» Provided material
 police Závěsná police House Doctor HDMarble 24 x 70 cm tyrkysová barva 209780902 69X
* * *
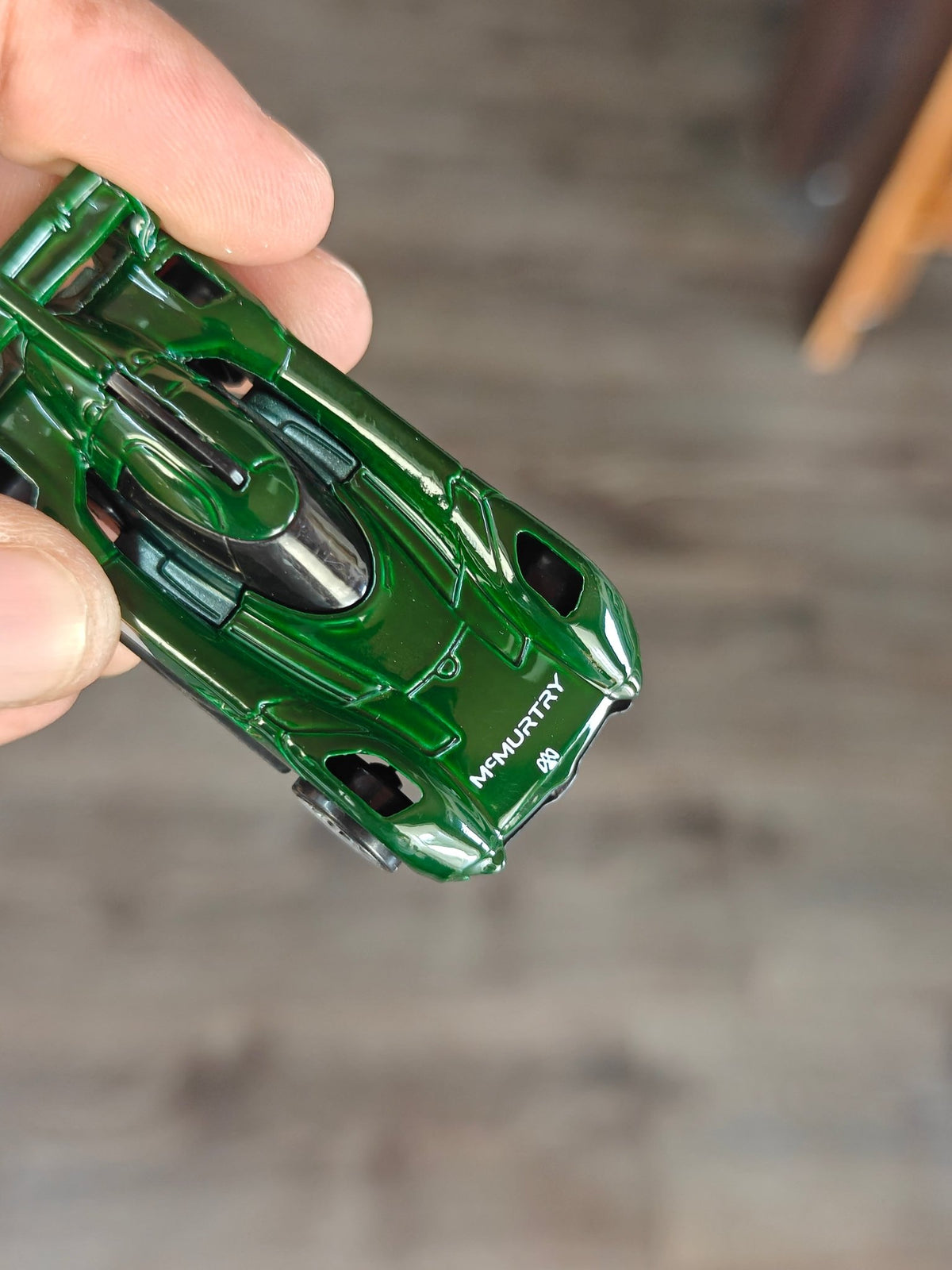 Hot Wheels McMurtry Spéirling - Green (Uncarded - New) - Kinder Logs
--
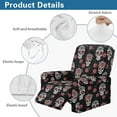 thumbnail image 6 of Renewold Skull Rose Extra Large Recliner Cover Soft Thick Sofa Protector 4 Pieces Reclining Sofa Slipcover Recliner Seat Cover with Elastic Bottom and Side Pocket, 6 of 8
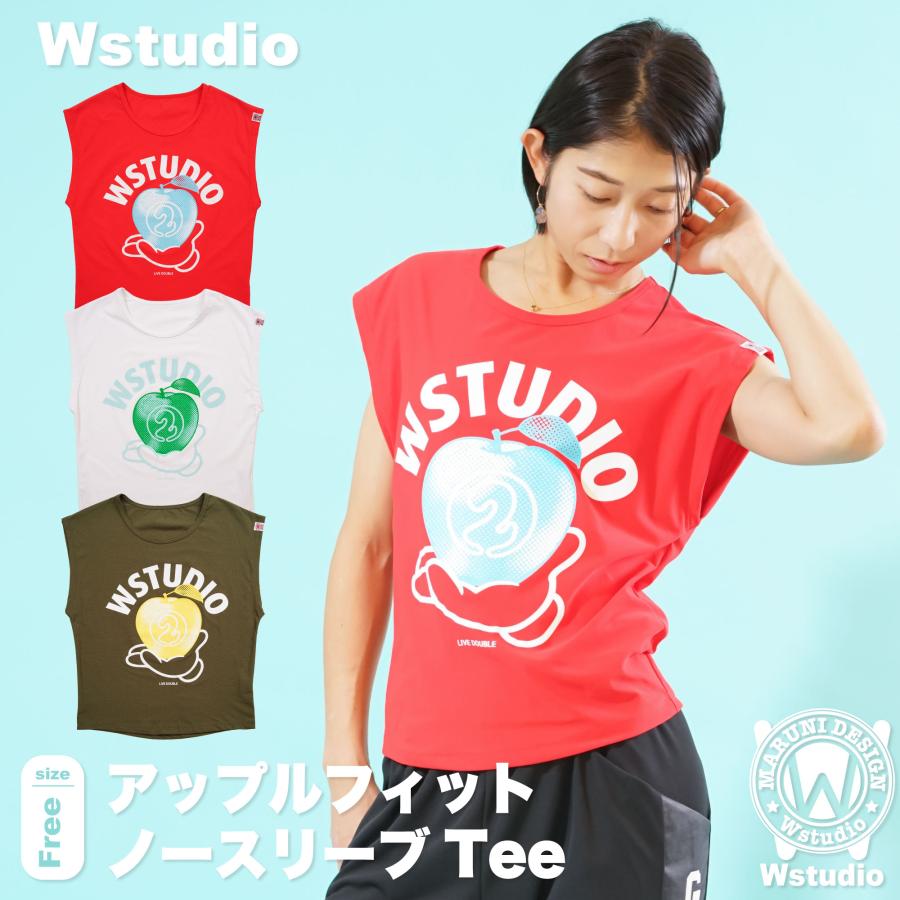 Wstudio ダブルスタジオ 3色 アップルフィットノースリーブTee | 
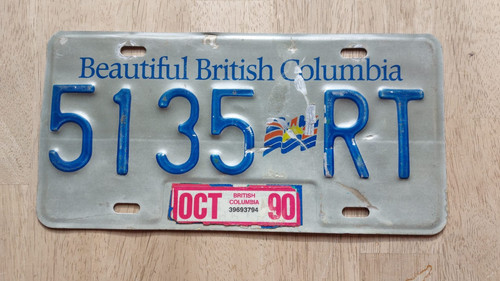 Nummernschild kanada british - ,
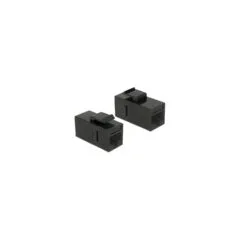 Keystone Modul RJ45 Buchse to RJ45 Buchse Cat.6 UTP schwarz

» Assignment
Look above for the line with "Wstudio ダブルスタジオ 3色 アップルフィットノースリーブTee |" and copy exactly from it through the line with "Keystone Modul RJ45", both included. Omit the pictures.

» Solution for this task
 Wstudio ダブルスタジオ 3色 アップルフィットノースリーブTee | 
 Nummernschild kanada british - ,
 Keystone Modul RJ45 Buchse to RJ45 Buchse Cat.6 UTP schwarz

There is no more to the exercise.